That mindset—the refusal to accept “either/or” thinking—is a kind of superpower. And false dichotomies are a great reminder that those third options really do exist. We just have to look for them.

Here are a few more that have challenged my thinking lately—and some ideas for how to spot them in your own leadership and life.

1. Care Personally vs. Challenge Directly

This one comes from Radical Candor by Kim Scott. According to Scott, many leaders fall into one of two traps:

  • They care personally but don’t offer important feedback (ruinous empathy), or

  • They give tough feedback but with little concern for the person (obnoxious aggression).

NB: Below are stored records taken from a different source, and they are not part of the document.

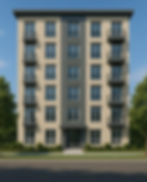 ChatGPT Image Dec 4, 2025, 01_51_55 PM_edited.jpg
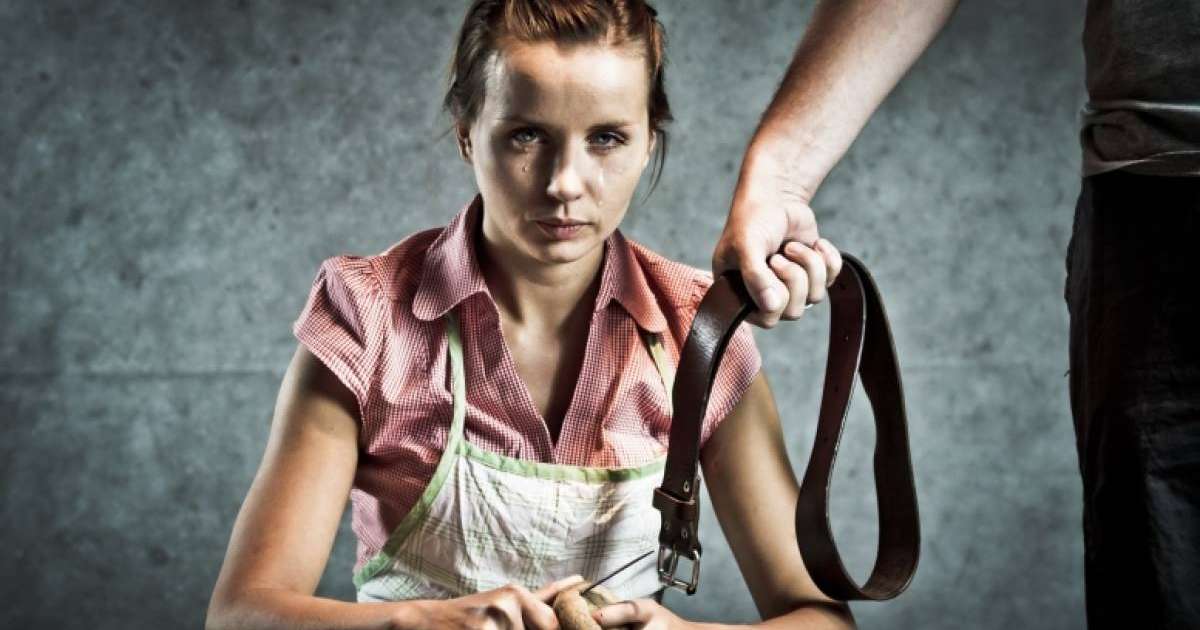 Малшының құлдығына түскен 30 жастағы арудың сіңлісі жанайқайын айтты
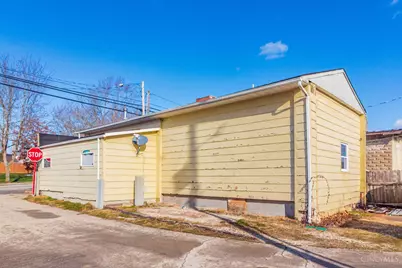 10 N Main Street, Peebles, OH 45660 - Photo 8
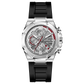 Spectra Omega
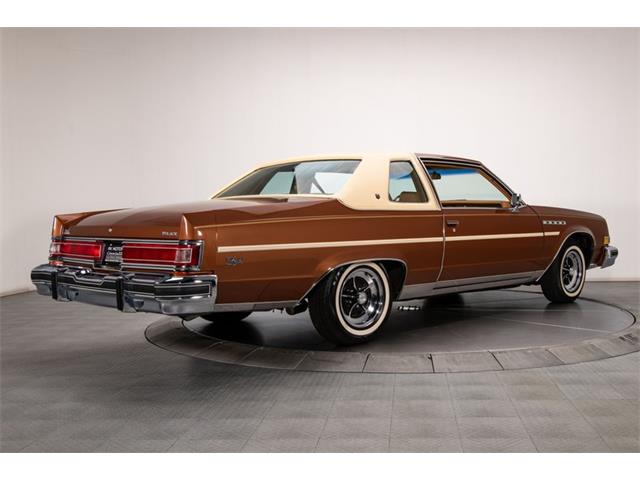 1978 Buick Electra (CC-1728650) for sale in Charlotte, North Carolina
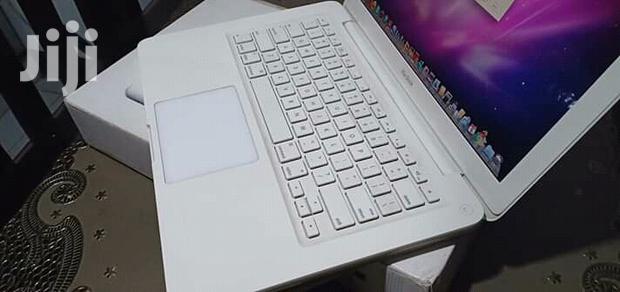 New Edition Apple Macbook 4 Unibody, 14'' 320hd core2duo 4gbram 2.6ghz - thumbnail 2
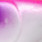 pink shad #05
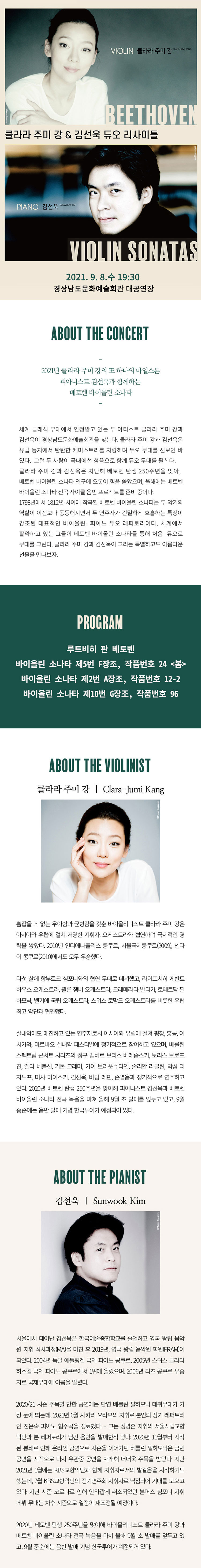 소개 이미지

The sweet spot? Radical candor—a balance of both. It means telling the truth, even when it’s uncomfortable, but doing it in a way that shows you’re in the other person’s corner.

🛠️ Try this: Before giving tough feedback, ask yourself two questions:

  • Have I earned the right to speak into this person’s life?

  • Am I delivering this from a place of care, or just to get it off my chest?

2. Psychological Safety vs. Accountability

Another common false choice: you can either create an environment where people feel safe, or you can hold them accountable.

Not true.

Real psychological safety doesn’t come from designated “safe spaces” or promises of consequence-free feedback. It comes from clarity, consistency, and shared standards.

In the best teams, safety is rooted in accountability—to one another and to the mission. Everyone knows what’s expected, and no one is above the standard. People speak up not because they feel entitled to, but because they feel responsible for the outcome.

🛠️ Try this: Make team accountability a shared commitment. Instead of asking, “How do I hold them accountable?” try, “How do we hold one another accountable to the mission?”

3. Consistency vs. Mediocrity

Michelle brought this one up recently, and it’s been rattling around in my brain ever since.

Consistency is powerful. You won’t get far without developing habits that serve you. You don’t chop down a tree with one swing—you keep showing up, swing after swing. And eventually, the tree falls.

But here’s the twist—actually, two of them.

First, you don’t get extraordinary results from ordinary effort. If your swings are half-hearted, it’s going to take a long time to drop that tree—if it ever falls at all.

Second, you won’t succeed if you’re swinging at the wrong tree—or using the wrong tool. Imitating someone else’s path or following habits that don’t align with your goals will never get you where you want to go.

Consistency doesn’t guarantee success. It only amplifies whatever you’re doing.

🛠️ Try this: Ask yourself, “What am I being consistent about?” If your habits aren’t aligned with your goals, no amount of repetition will move you forward.

So What Do We Do With All This?

Here’s the practical takeaway: the next time you’re stuck between two bad options, slow down and ask:

“Is this really an either/or… or is there a better third way I haven’t thought of yet?”

When you find yourself saying things like:

  • “I can either speak up or keep the relationship…”

  • “I can either hold them accountable or make them feel safe…”

  • “I can either push harder or stay consistent…”

You’re probably staring at a false dichotomy. And naming it is half the battle.

Life—and leadership—are rarely binary. The best outcomes almost always come from finding the third option. It’s not the easy way, but it’s the better one.

And that’s where real leadership shows up.